Djuma Shabani

Personal information
- Date of birth: 16 March 1993 (age 32)
- Place of birth: Kindu, Zaire
- Height: 1.74 m (5 ft 9 in)
- Position(s): Right-back

Team information
- Current team: AS Vita Club

Senior career*
- Years: Team / Apps / (Gls)
- 20??–2015: Bel'Or
- 2015–2017: FC Renaissance
- 2017– 2021: Vita Club
- 2021–2023: Young Africans
- 2024–2025: Namungo F.C.
- 2025–: AS Vita Club

International career^{‡}
- 2018–: DR Congo / 1 / (0)

= Djuma Shabani =

Congolese footballer

Djuma Shabani (born 16 March 1993) is a Congolese professional footballer who plays as a right-back for Tanzanian Premier League club Namungo S.C. and the DR Congo national team.

==Club career==
Shabani was born in 1993 in Kindu, and played football for the Kinshasa-based club Bel'Or before joining FC Renaissance. In July 2015, he was one of five Renaissance players banned for two years by the Congolese Federation for abusing match officials. Three months later, the five were among the beneficiaries of a general amnesty for those sanctioned under its jurisdiction for non-financial offences.
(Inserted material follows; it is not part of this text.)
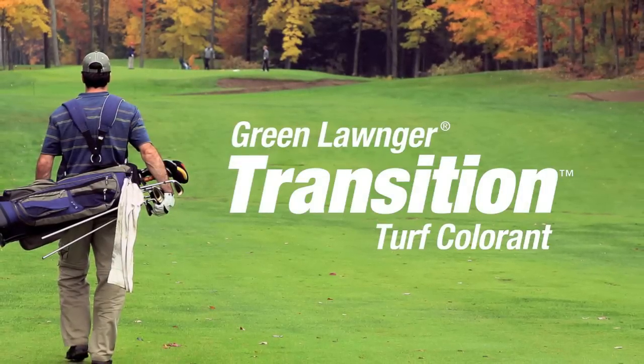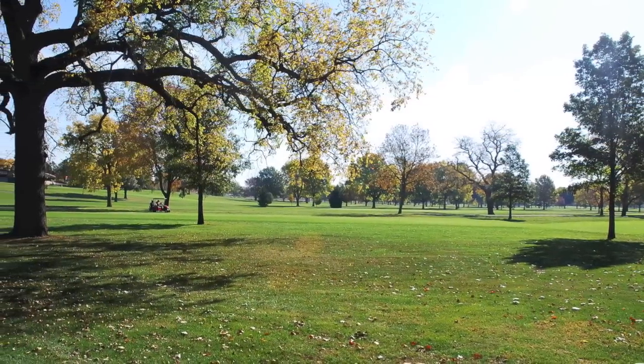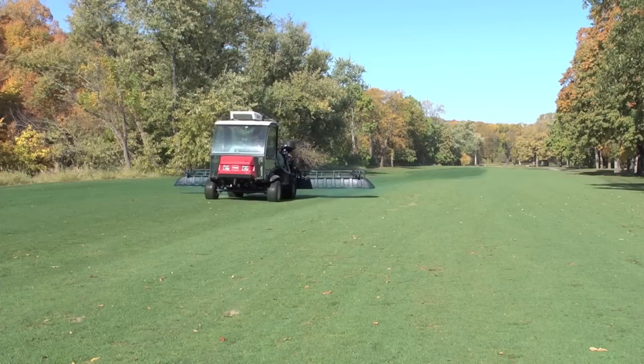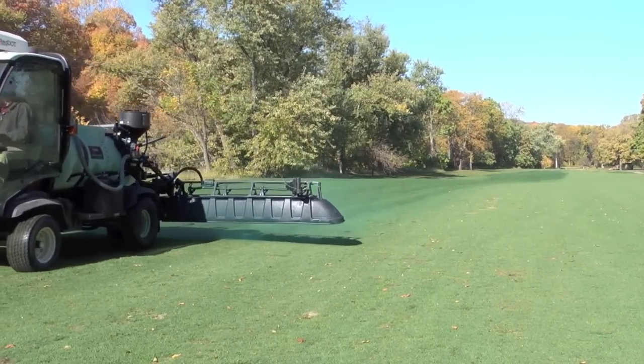Green Longer Transition is a product applied during cooler periods of the year. It typically has UV-absorbing pigments formulated into it as well as a resin package, somewhat similar to Green Longer. What it does is absorb some of the energy from the sun, creating a warmer microclimate in the turf canopy. With that darker pigmented color, it absorbs more UV light and increases the temperature of your canopy by one to four degrees, depending on the amount of sunshine and the length of the day.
He captained the team in 2016–17 and was described as the "kingpin of the defence", but left at the end of that season for Vita Club. He helped his new club win the 2017–18 Linafoot title as well as reach the 2018 CAF Confederation Cup Final, in which they lost 4–3 on aggregate to Raja Casablanca.

==International career==
Shabani was called into the DR Congo senior squad for the first time in May 2018, as a late replacement for a friendly against Nigeria, but did not take the field. He made his senior international debut in March 2019, as a second-half substitute as DR Congo held on to the one-goal lead that confirmed their qualification for that year's Africa Cup of Nations. Shabani was named in the provisional 26-man squad for the competition.